正社員でもパートでも有給休暇の取得は法律で義務付けられています。与えられる有給日数は勤続期間により異なりますが、経営者は、パート従業員など労働日数が正社員よりも少ない雇用形態でも年次有給休暇を与えなければなりません。この規定に違反すると、労働基準法第119条の定めにより「6ヶ月以下の懲役又は30万円以下の罰金」が会社に課せられることになります。

 

 

 

目次

  1. 1 有給休暇制度の概要
  2. 1-1 正社員に与える有給日数
  3. 1-2 パート社員に与える有給日数
  4. 1-3 計画年休制度
  5. 2 有給休暇には時効がある
  6. 3 不利益取扱いの禁止

 

1 有給休暇制度の概要

厚生労働省によれば、有給休暇とは一定期間働いた労働者に対して休みをとっても賃金が減額されない休暇であり、心身の疲労を回復し、ゆとりある生活を保障するために与えられる休暇と定義されます。

 

 

1-1 正社員※に与える有給日数

経営者は、従業員を雇い入れの日から起算して6ヶ月以上雇い、かつ、従業員が全労働日の8割以上出勤した場合、10日の有給休暇を与えなければなりません。労働日とは就業規則で定めた休日以外の労働義務がある日のことです。

 

なお、従業員が有給休暇を請求した時季のとおりに経営者は与える必要があります。ただし、従業員が指定した時季が繁忙期など、正常な経営を妨げる可能性がある場合は、他の時季に移すことができます。

 

・正社員の有給休暇日数

勤務期間 休暇日数
6か月 10労働日
1年6か月 11労働日
2年6か月 12労働日
3年6か月 14労働日
4年6か月 16労働日
5年6か月 18労働日
6年6か月以上 20労働日

※ ここでいう正社員とは、週所定労働時間が30時間以上、所定労働日数が週5日以上、または1年間の所定労働日数が217日以上の労働者を指します。

 

また、有給休暇を取っている従業員を、会社の都合で呼び出すことはできません。労働者本人が同意している場合には、呼び出すこともできますが、その場合は年休を取り消して改めて与えることが推奨されます。

 

 

1-2 パート社員に与える有給日数

労働日数が正社員よりも少ないパート社員にも有給休暇を与えなければなりません。
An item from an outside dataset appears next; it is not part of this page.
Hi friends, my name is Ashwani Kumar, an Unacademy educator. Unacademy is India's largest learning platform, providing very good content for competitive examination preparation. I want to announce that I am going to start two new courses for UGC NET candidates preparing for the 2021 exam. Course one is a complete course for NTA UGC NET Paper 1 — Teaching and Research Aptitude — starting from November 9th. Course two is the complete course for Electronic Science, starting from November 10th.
付与する日数は次のように定められています。

 

・ パート社員の有給休暇日数

週間労働日数 年間労働日数 勤務期間
半年 1年半 2年半 3年半 4年半 5年半 6年半
1日 48日~72日 1日 2日 2日 2日 3日 3日 3日
2日 73日~120日 3日 4日 4日 5日 6日 6日 7日
3日 121日~168日 5日 6日 6日 8日 9日 10日 11日
4日 169日~216日 7日 8日 9日 10日 12日 13日 15日

 

 

1-3 計画年休制度

会社の労使協定に基づいて、年休の計画的な取得を可能にする制度を計画年休といいます。昭和62年の労働基準法の改正で認められるようになった制度です。あらかじめ労使協定により年休の時季を定めておく必要がありますが、計画的に付与する有給休暇の日数は、各従業員がもつ年休のうち5日を超える部分とされています。

 

付与方法として、例えば事業場全体を休業とする一斉付与、交代制で班別の交替制付与、個人別に年休計画表をもとに付与する個人別付与方式があります。

 

・計画年休の方式

一斉付与方式 事業場全体を休業とし全員に年休を与えるもの。労使協定では具体的な日にち(8月1日~8月7日のように)を定める
班別付与方式 交替制で班別に年休を与えるもの。労使協定では班別に具体的な日にちを定める
個人別付与方式 計画表により個人別に年休を与えるもの。労使協定では計画年休の日数、計画表を作成する時期、スケジュール調整の方法を定める

(参照:J-Net21

 

 

2 有給休暇には時効がある

有給休暇は、労働基準法第115条の規定により、与えた日から2年で時効となります。1年間で使い切れなかった有給休暇は翌年に繰り越され、新たに与えられた有給休暇に加算されますが、さらに1年使わなかった場合、時効により消滅となります。

 

たとえば、年度の初日に発生した休暇は、翌年度末で時効により消滅します。

 

時効

(参照:東京労働局)

 

 

3 不利益取扱いの禁止

年次有給休暇取得による不利益な取扱いは禁止されています(労働基準法第136条)。つまり、有給休暇を取得したからといって、降格、減給、配置換えなど従業員にとって不利益な処遇を施すことはできません。

 

年休を取得した日は、出勤したものとみなし、通常の賃金の支払いが必要というのが有給休暇制度の趣旨ですので、たとえば、賞与の計算に際して、従業員の年休取得日を欠勤扱いとすることはできません。

 

また、年次有給休暇を取得したことで、「皆勤手当」がもらえなくなったという事例がありますが、原則皆勤手当は支給されなければなりません。

 

労働基準法第136条では「精皆勤手当及び賞与の額の算定等に際して、年次有給休暇を取得した日を欠勤として、又は欠勤に準じて取り扱うことその他労働基準法上労働者の権利として認められている年次有給休暇の取得を抑制するすべての不利益な取扱いはしないようにしなければならないものであること。」と定めています。